● Records for the task:
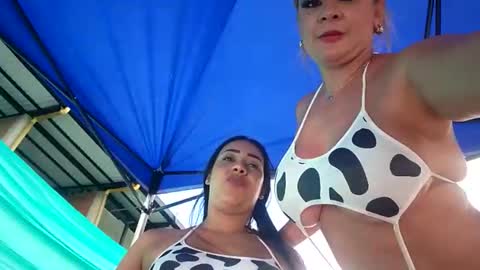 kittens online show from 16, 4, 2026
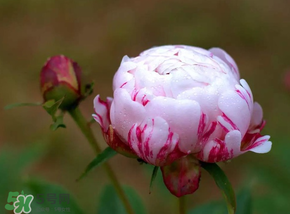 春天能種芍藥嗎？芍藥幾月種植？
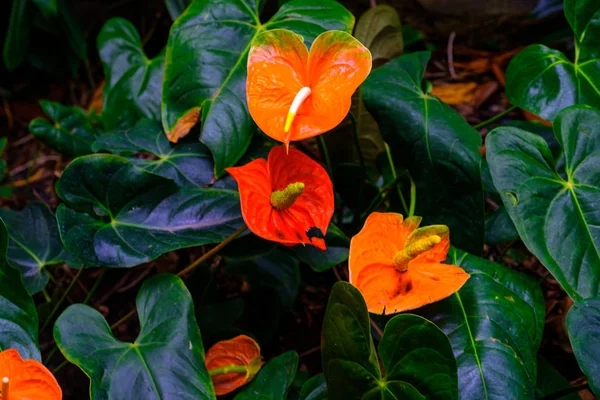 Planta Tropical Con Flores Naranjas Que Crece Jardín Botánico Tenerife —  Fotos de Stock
==
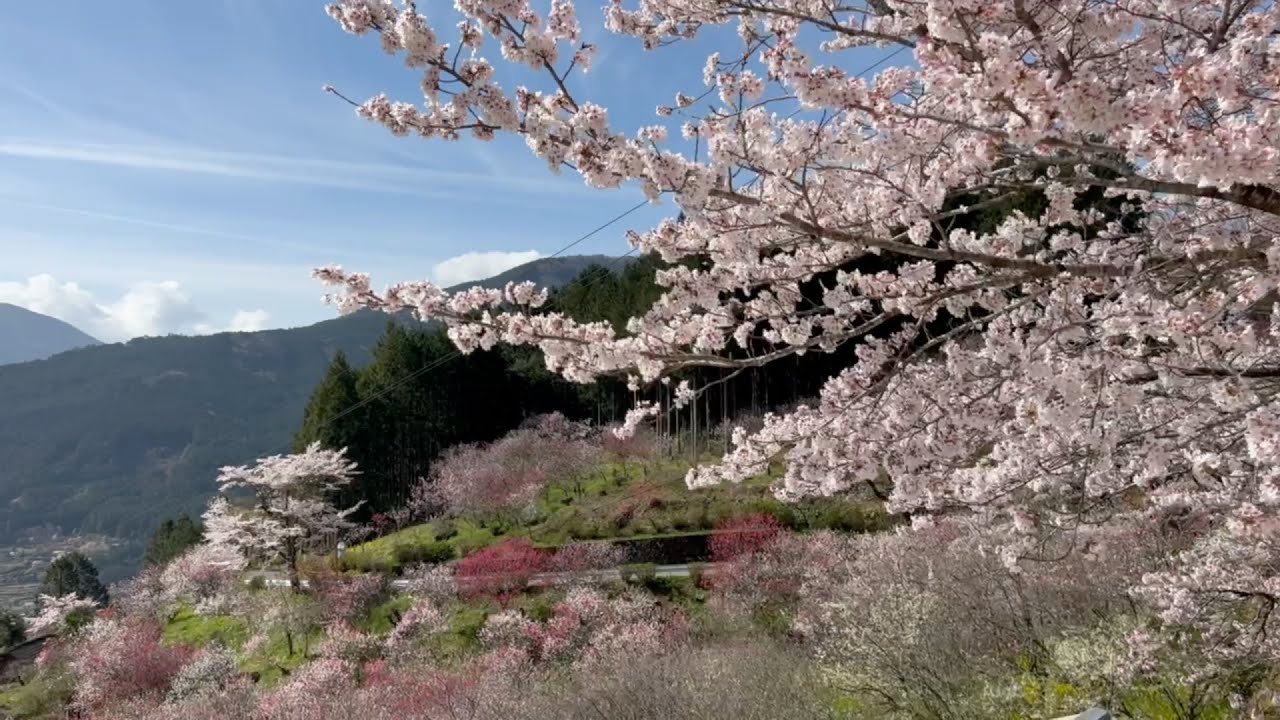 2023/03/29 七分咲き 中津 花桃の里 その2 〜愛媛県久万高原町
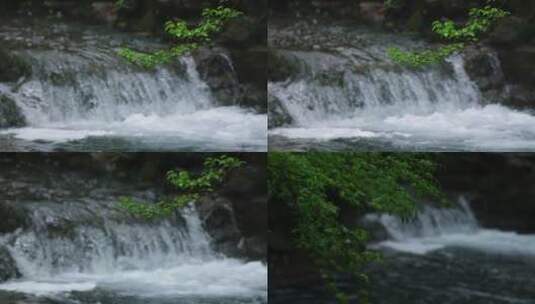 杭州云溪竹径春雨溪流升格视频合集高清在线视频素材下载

● Problem requirements: Among the entries above, take the line with "2023/03/29 七分咲き 中津 花桃の里 その2 〜愛媛県久万高原町", the line with "杭州云溪竹径春雨溪流升格视频合集高清在线视频素材下载", and all the lines between them, and restate them word for word without pictures.

● Response to this exercise:
 2023/03/29 七分咲き 中津 花桃の里 その2 〜愛媛県久万高原町
 杭州云溪竹径春雨溪流升格视频合集高清在线视频素材下载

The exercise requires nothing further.